As Officer Sexton explains, “You get as much out of the program as you put in.” Which means that while many stick with it and go on to pursue careers in law enforcement, some drop out. The program is an excellent way to help kids decide if they truly want to pursue a career as a police officer. For some, the realities are just too much, for others, they are addicting.
From adrenaline rush to paperwork, officers require emotional stability, clarity of mind, and dedication to the mission and standards of their department. “It really is a culture,” Sexton says. “It’s not just a job, it becomes your life.” The best way for a young person to decide if they belong in that culture is to become an Explorer.
The learning begins the moment a teen expresses interest in the program. Once accepted, that Explorer is handed a thick manual of criminal law and is expected to show up every Wednesday night to learn. Once basics are taught in the classroom, Advisors bring Explorers on ride-alongs where they are continuously learning and preparing for the test that will allow them to experience unlimited ride-along hours with any officer in the department.

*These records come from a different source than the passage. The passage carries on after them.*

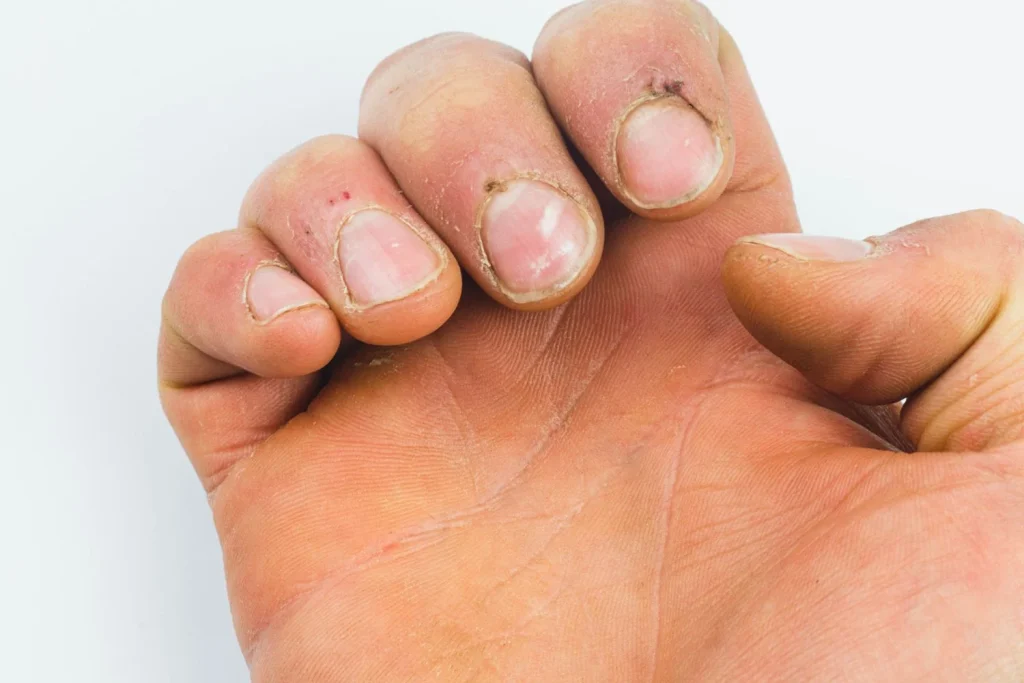 Las Uñas Como Espejo De Nuestra Salud Interna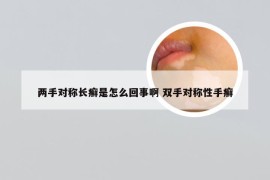 两手对称长癣是怎么回事啊 双手对称性手癣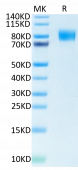 Biotinylated Recombinant Human CSF1R/M-CSF R/CD115 Protein (RP02337)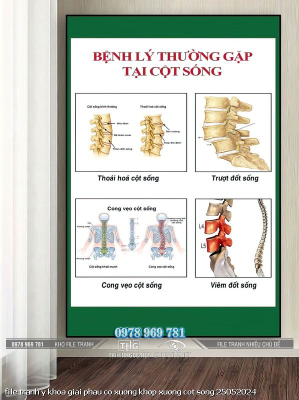 file tranh y khoa giai phau co xuong khop xuong cot song 25052024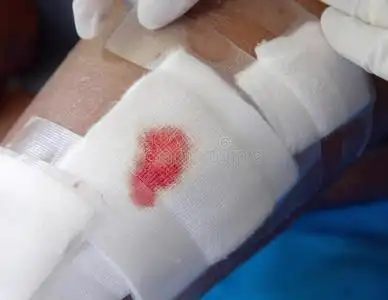 处理伤口纱布伤口.照片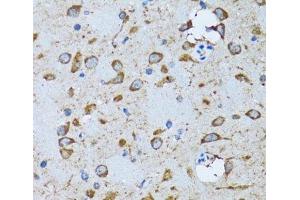 Immunohistochemistry of paraffin-embedded Mouse brain using PDP1 Polyclonal Antibody at dilution of 1:100 (40x lens). (PDP Antikörper)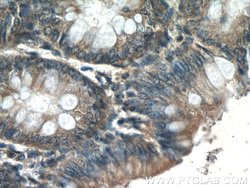 MMS2 Rabbit anti-Human, Mouse, Rat, Polyclonal, Proteintech:Anticuerpos:Anticuerpos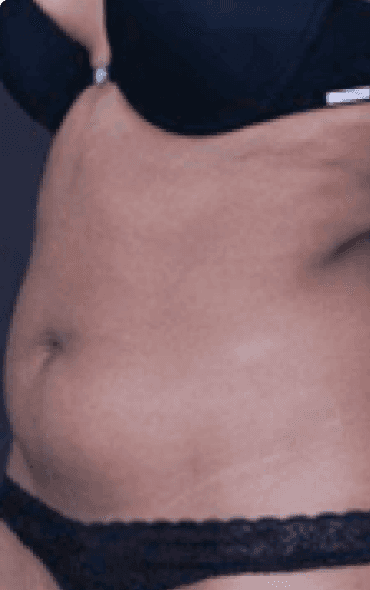 Skin111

For Officer Sexton and Detective Weiss, they became Advisors because they enjoy working with the youth and it gives them constant opportunity to learn. As training officers for their department, they are constantly having to review criminal law and procedures. Although they take the Explorer program seriously, they are always laughing. “I can’t think of a week that didn’t go by where we weren’t laughing at something one of the kids said or did,” says Detective Weiss. The young energy is motivating and rewarding. Out of the 34 officers in the Aberdeen Police Department, six of them were Explorers at one point. There is always the hope that one of their current Explorers becomes a future Aberdeen Police Officer.

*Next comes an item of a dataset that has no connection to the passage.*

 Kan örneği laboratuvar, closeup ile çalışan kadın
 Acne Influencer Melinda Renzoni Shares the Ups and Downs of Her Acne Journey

Each member of the Explorer program is taught leadership skills and what it means to be a public servant. But more important than the rules and training manual, each kid has the opportunity to work on their character. With honesty, community service, and self-motivation being necessary requirements within the program, there is no room for slacking. Being a leader means leading by example and the Aberdeen Advisors set high standards. Officer Sexton states, “I like to have high expectations…we don’t accept the status quo.”

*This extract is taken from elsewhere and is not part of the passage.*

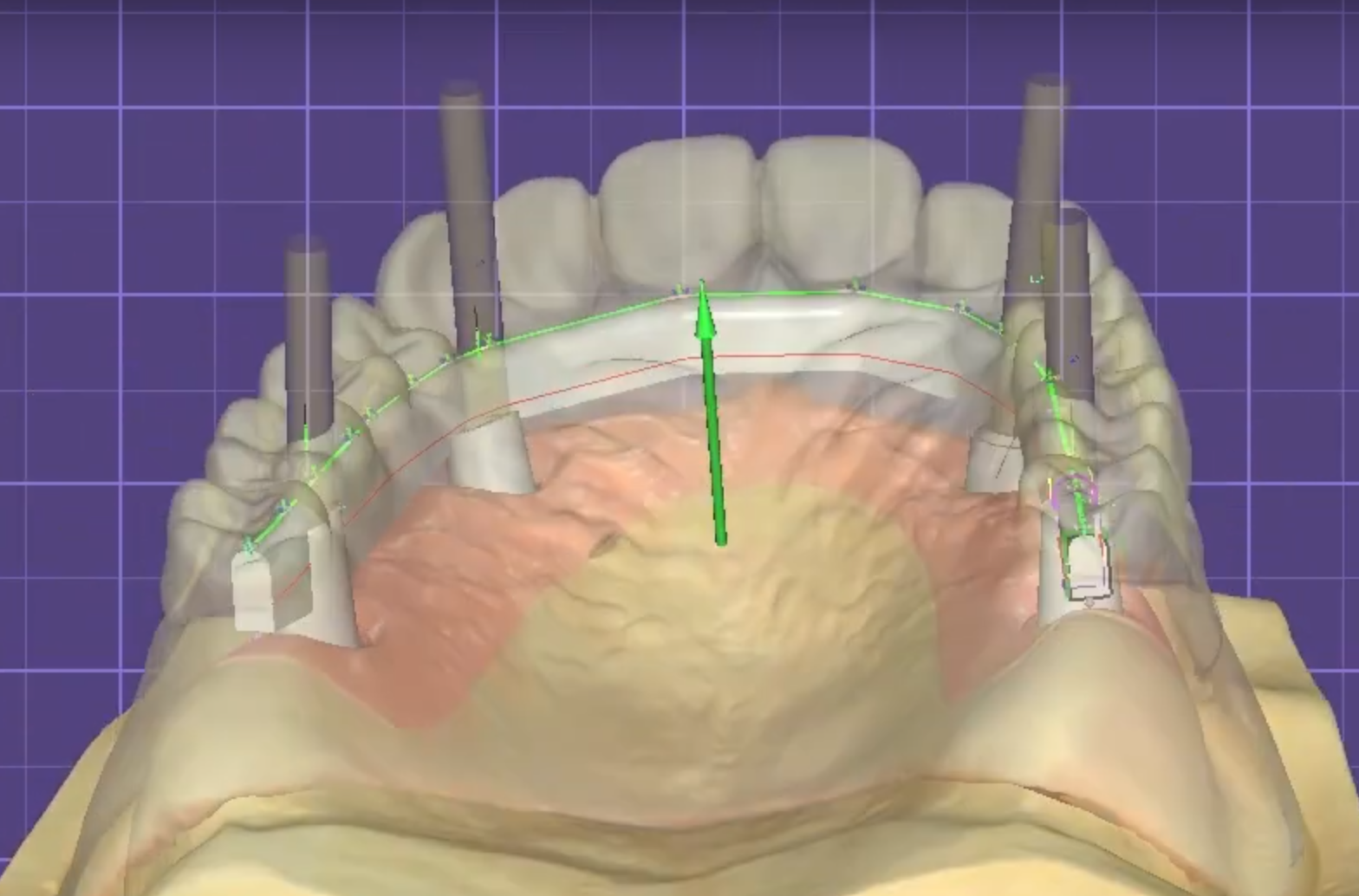 3D dental BAR on upper arch model, fast CAD design services for US labs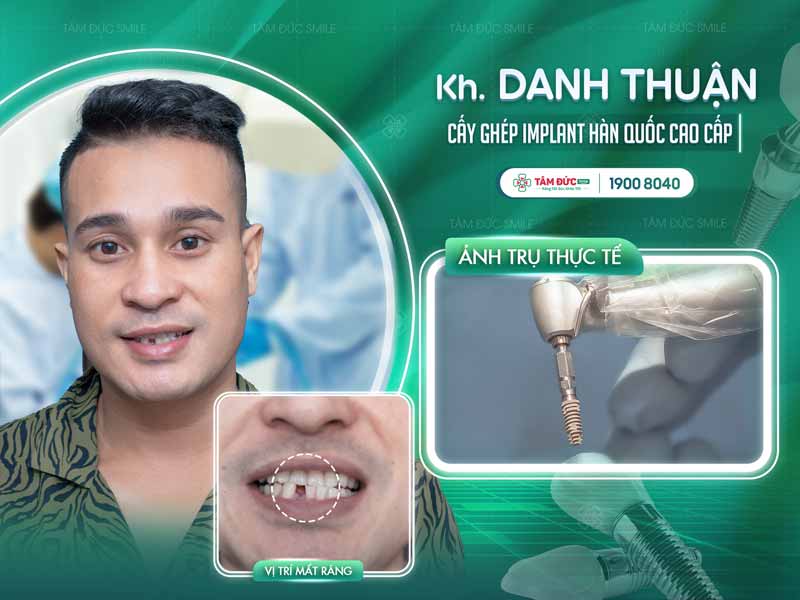 khách hàng trồng răng Implant tại nha khoa Tâm Đức Smile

In and outside of the Explorers, the local law enforcement has high expectations with a strong focus on community service. For high school students thinking of a career as a police officer, the first step is communication, the second is service. Whether or not the Explorers decide they want to follow through with their training, one thing is certain, they won’t leave the experience without growth, leadership, and life experience.